I'm not entirely sure I completely got this movie, or that it really accomplished what it was trying to do.  It seems like it might have been trying to be a few different things, didn't go for any of them quite enough, and thus didn't really succeed at any of them.  However, there were enough funny one-liners and enough genuinely bizarre moments that a day after watching it, I find myself chuckling about parts of it in a "What the f*ck was that?" kind of way.

Ty Burrell plays Bob Pickler, who has won the Iowa State Fair butter carving contest fifteen years in a row.  He is asked to step down and give someone else a chance to win, and perhaps be a judge.  His wife, Laura (Jennifer Garner), whose life seems to revolve around this contest and who seems to fancy herself some sort of First Lady even though...you know...it's a butter carving contest that happens once a year, is initially FURIOUS about this ("Those mother f*ckers don't know who they're dealing with!).  She grows even more furious when she catches Bob having sex with a stripper (Olivia Wilde) in their van.  She decides to enter the contest herself.  Her competition at the county level consists of Carol Ann (Laura Schaal), a butter carving contest "groupie" (is there such a thing?) who carves a laughably bad sculpture of kittens in a basket (in her speech explaining her sculpture, she says something along the lines of, "I really love kittens when they're all tangled up in a blanket, but I didn't know how to carve that, so I just put them in a basket instead"); the stripper, Brooke, who basically enters just to mess with Laura; and Destiny (Yara Shahidi), a ten-year-old foster child who has recently been taken in by Jill (Alicia Silverstone) and Ethan (Rob Corddry), a couple with a fridge full of soy products who think that butter carving competitions are "kind of redneck-y."  There is a subplot where Brooke hooks up with Bob's daughter (Ashley Greene) to try to get the $600 (she later raises the price) she says Bob owes her for sex.  There is another subplot where Laura has sex with her high school boyfriend, Boyd Bolton (Hugh Jackman), so that she can get him to help her get a rematch after she loses the initial competition to Destiny.  It all comes to a head at the Iowa State Fair contest.

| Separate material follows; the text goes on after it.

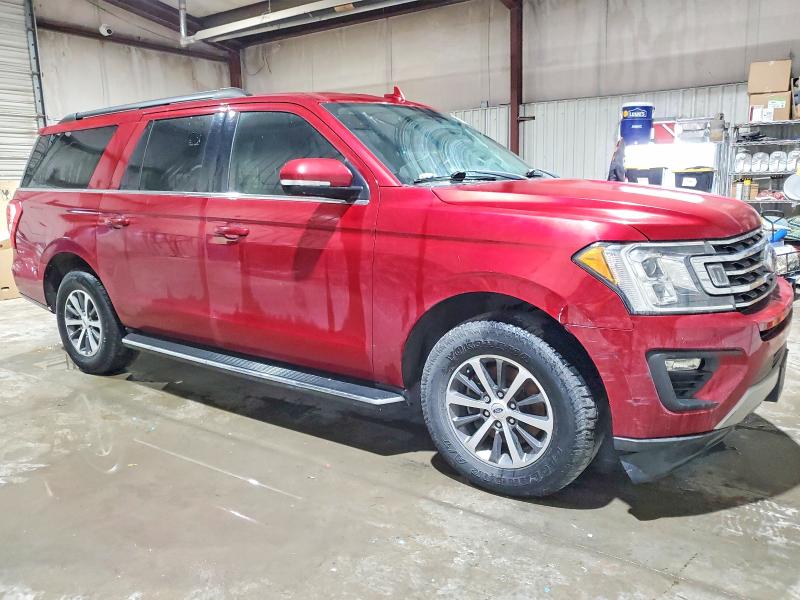 Photo 4 from auction – 2018 FORD EXPEDITION with VIN 1FMJK1HT3JEA19340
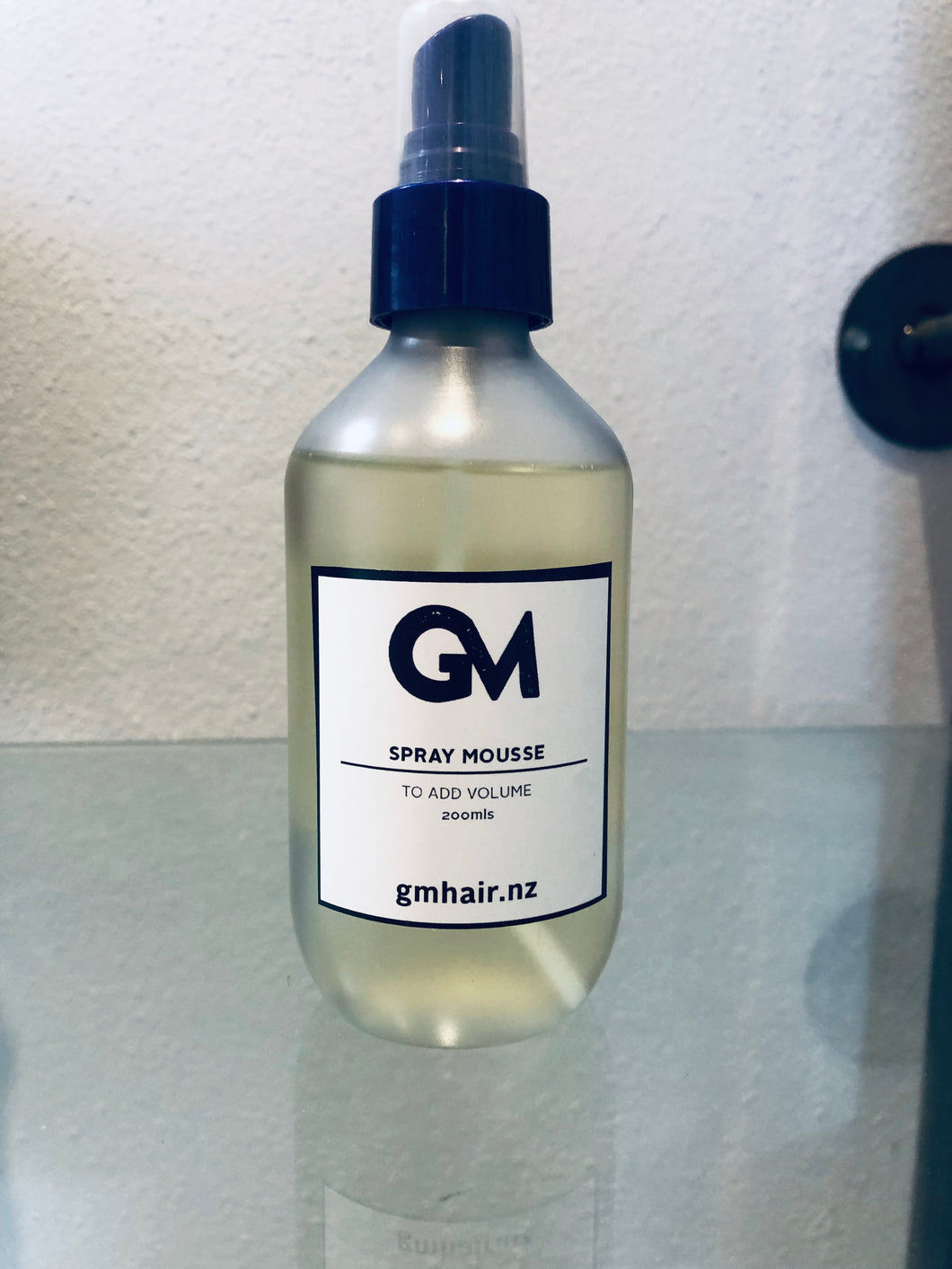 G.M Spray Mousse for Volume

So...I've read some stuff that said this was supposed to be a political satire, and as Laura, Jennifer Garner dresses and speaks in a sort of Sarah Palin-esque way.  But no one besides her seems to be taking the butter carving contest overly seriously, and she's definitely the only one getting cutthroat and playing dirty about it, so she just comes across as kind of insane, and since her main competition is a ten-year-old girl, it's just kind of like, "Why is she being so mean to that little kid?"  I also read some reviews that suggested that the movie was going for a Christopher Guest Best in Show type thing, but in that movie, the dog show was such a huge part of it; here, the butter carving stuff seems almost arbitrary-- it seems like it's more about how insane competition in general can make some people, but again, Laura is the only one who seems particularly insane about it.  So it's kind of like, "Here's a movie about some crazy lady who's really into this butter carving competition for some reason, and also there's this crazy stripper running around, and also, hey, there's Hugh Jackman as a dumb local car dealer."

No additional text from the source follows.